Redis Architecture Grand Tour
How Redis processes commands, stores data, and persists to disk
What you will learn
- How Redis bootstraps from a single main() call into a fully wired server with signal handlers, databases, and a network listener
- Why Redis can handle tens of thousands of clients with a single thread: the ae event loop and its epoll/kqueue abstraction
- How the RESP protocol is parsed incrementally from a raw socket read into a command ready for execution
- How every keyspace write is dispatched through a central call() function that handles propagation to AOF and replicas in one place
- How Redis avoids O(n) rehashing pauses by spreading hash table migration across regular read and write operations
Prerequisites
- Comfortable reading C (you don't need to write it, just follow the logic)
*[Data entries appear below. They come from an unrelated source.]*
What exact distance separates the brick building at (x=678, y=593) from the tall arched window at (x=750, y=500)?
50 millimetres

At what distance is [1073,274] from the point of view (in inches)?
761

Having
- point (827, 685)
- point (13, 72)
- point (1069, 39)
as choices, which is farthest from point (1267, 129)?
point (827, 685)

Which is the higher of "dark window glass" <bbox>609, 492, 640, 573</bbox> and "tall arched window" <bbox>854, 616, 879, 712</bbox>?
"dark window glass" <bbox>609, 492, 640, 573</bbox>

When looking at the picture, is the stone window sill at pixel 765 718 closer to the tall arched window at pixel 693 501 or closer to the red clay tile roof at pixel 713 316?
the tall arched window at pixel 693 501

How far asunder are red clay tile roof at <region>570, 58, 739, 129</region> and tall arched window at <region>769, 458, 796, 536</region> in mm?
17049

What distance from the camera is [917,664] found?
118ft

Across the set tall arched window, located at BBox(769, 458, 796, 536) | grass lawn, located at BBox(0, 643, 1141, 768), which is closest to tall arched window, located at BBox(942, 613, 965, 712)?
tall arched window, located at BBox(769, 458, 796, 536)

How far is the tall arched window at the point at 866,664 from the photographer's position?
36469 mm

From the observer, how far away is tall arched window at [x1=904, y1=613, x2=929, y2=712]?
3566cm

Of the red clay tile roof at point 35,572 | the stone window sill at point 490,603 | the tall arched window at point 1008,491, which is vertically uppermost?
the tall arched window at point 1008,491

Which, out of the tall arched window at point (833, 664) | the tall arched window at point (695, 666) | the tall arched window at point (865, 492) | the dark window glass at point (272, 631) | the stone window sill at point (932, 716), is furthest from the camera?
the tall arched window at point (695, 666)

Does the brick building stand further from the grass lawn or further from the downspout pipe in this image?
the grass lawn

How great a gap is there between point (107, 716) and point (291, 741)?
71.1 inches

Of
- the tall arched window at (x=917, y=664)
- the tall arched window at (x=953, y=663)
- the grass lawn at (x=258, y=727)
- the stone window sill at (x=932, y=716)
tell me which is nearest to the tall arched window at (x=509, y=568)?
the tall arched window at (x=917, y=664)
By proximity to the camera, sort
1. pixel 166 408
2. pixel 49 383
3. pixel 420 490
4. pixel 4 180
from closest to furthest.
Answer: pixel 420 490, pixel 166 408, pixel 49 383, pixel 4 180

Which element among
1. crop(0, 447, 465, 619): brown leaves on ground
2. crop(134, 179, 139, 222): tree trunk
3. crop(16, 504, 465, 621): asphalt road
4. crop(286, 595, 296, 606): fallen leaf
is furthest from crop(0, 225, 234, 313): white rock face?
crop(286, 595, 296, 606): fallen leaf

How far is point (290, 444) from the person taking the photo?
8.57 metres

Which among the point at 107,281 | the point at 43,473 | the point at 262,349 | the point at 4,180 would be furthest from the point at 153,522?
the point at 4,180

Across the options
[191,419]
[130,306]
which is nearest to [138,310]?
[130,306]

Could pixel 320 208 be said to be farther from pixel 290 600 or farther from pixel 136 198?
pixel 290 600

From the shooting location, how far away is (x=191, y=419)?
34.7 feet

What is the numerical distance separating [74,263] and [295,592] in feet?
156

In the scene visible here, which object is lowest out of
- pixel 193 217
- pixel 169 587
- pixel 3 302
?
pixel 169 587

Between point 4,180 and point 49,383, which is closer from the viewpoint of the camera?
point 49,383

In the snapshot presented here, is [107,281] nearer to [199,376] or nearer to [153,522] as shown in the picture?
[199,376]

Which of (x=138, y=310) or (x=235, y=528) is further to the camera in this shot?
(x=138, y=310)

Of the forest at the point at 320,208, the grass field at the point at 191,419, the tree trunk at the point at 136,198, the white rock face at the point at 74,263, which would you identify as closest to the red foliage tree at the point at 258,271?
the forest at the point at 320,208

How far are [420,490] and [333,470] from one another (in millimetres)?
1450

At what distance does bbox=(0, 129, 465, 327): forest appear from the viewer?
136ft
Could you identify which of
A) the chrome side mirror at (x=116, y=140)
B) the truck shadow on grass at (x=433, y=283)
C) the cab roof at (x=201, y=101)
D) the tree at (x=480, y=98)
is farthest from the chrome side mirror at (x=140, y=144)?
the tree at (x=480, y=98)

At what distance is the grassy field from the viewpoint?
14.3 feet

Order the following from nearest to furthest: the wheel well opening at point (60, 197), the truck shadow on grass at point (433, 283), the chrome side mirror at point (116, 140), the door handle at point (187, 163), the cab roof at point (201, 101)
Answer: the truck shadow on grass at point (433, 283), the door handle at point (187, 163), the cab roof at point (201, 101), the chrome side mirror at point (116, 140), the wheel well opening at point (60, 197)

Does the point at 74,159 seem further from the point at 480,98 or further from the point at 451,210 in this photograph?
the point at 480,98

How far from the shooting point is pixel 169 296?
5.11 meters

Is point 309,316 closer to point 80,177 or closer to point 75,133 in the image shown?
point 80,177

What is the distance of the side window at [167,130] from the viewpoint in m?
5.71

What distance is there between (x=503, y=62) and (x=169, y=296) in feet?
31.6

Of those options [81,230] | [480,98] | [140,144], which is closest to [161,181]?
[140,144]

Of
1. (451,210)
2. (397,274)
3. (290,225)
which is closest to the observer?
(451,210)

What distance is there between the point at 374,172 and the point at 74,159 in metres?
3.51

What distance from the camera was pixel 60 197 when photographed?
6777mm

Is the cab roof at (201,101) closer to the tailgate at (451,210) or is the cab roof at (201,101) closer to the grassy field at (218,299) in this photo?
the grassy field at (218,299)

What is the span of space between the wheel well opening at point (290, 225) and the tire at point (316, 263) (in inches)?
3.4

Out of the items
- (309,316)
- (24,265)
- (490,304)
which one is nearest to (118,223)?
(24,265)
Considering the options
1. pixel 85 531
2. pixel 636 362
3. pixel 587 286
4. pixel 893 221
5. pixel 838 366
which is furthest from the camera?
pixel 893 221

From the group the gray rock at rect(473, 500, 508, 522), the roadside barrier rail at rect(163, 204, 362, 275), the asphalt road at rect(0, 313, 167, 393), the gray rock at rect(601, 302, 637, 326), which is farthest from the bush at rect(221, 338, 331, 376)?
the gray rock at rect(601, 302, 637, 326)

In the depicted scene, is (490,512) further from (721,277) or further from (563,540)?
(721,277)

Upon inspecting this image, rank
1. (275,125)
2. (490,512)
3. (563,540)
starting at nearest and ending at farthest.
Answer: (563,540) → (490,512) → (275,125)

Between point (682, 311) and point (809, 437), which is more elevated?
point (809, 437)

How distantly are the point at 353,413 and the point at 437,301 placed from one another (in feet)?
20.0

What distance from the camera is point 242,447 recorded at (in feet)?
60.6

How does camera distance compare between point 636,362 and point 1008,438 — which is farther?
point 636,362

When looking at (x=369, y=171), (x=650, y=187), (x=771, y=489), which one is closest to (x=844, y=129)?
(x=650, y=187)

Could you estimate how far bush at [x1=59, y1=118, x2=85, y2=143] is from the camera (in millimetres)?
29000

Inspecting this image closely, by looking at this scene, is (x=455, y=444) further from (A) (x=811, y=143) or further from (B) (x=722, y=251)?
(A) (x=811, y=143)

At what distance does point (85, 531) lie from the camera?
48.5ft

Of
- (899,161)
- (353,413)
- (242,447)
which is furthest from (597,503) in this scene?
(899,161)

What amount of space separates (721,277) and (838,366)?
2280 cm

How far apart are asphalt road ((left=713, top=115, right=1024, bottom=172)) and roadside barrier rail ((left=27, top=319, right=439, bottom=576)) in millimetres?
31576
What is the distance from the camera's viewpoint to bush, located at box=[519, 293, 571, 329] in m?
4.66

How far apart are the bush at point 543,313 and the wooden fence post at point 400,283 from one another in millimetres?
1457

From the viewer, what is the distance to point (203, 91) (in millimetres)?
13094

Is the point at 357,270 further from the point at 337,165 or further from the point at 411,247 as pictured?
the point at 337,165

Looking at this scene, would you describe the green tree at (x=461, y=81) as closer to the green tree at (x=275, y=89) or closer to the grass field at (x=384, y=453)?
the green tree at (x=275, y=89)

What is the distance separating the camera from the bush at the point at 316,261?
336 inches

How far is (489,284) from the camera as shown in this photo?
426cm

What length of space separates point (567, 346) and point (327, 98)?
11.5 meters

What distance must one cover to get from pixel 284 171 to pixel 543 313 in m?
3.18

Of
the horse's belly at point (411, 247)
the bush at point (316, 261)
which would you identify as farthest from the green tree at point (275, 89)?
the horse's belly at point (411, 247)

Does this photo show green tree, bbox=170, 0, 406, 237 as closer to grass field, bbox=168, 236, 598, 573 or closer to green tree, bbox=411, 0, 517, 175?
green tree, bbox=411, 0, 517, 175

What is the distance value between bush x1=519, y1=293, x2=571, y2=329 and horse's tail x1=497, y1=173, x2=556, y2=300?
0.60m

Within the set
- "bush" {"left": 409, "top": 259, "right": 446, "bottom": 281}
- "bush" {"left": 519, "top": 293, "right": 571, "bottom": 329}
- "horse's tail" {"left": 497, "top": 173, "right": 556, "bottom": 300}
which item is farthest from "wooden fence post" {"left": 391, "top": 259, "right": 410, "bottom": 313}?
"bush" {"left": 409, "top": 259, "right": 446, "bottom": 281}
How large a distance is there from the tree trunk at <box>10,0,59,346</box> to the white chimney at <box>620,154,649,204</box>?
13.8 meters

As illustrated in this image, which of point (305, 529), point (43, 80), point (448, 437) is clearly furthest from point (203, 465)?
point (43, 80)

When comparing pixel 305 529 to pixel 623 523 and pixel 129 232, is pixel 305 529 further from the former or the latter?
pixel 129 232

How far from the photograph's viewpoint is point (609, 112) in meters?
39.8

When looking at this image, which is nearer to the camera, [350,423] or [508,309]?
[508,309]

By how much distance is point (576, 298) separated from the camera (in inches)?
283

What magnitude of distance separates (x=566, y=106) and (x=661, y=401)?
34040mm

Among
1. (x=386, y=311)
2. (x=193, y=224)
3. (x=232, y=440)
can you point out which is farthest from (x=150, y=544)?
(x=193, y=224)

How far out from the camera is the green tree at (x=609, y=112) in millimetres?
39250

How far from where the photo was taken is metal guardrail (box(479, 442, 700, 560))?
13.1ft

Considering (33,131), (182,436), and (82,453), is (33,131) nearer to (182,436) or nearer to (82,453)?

- Basic understanding of key-value stores: what GET/SET do
- Familiarity with the concept of an event loop is helpful but not required
Server Lifecycle
src/server.c:8088How Redis bootstraps from process entry to event loop
main() in server.c is 355 lines of orchestration. By the time you reach line 8103, the config has been parsed, the locale is set, and the entropy pool is seeded. The real wiring happens in initServer(): signal handlers, database allocation, the event loop, and the listening socket all come up inside that one call. After that, main() loads persisted data from disk (RDB or AOF), then hands control to aeMain() -- a while loop that never returns until the process is told to stop. The return 0 at line 8176 is practically unreachable in production; it only runs on a clean shutdown. Notice how loadDataFromDisk() happens after the listener is configured but before the event loop starts -- clients cannot connect and run commands against a half-loaded dataset.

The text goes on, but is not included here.